The iWatch. No-one knows much. It’s an Apple product rumoured to be in development, made of curved glass designed to fit around the wrist.
It sounds cool in a Napoleon Dynamite sort of way; chic and geek in equal measure. Central to chatter on the subject is the pervasive question of whether it will actually be made; Apple’s continued silence on the issue of the iWatch has driven various tech-bloggers giddy with the sweet smell of conspiracy.
What's more interesting is its direct link to Science Fiction. Watch out, it gets a bit nerdy from here on out. The device will apparently name and describe objects at which it is pointed. This is a tricorder, not a timepiece.
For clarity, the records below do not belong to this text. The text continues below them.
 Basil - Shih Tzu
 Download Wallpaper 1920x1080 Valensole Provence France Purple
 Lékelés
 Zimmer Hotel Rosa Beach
You could look at the iWatch as part of a slow trickle of technology conceived at the final frontiers of space-y genre lit. Similar examples abound. Another supposed Apple product in the pipeline – the iGlasses – purports to record what you see, edit out the bad stuff, and replay it, see Minority Report and the Matrix for more details. There’s even a nifty working prototype of a hover-car flying about out there.
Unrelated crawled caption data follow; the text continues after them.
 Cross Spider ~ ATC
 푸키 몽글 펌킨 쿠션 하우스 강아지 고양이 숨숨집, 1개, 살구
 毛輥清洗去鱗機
The fields of fantasy-technology and real-technology seem destined for cross-pollination. This piece takes the position that Science actually uses sci-fi to test out ideas, as a kind of virtual lab. Simpler is the notion that a few kids watch Star Wars and grow up into product developers with a burning desire to make a robot-hand that actually feels things.
Its interesting to think of sci-fi as ‘the manual of the possible’. That the genre has a kind of mapping function – sketching the contours of the land, the limits of what we can think up – which then challenges us fill in the gaps with actual stuff. It’s cool and it lends credibility to a big swathe of nerd culture that is too-easily overlooked.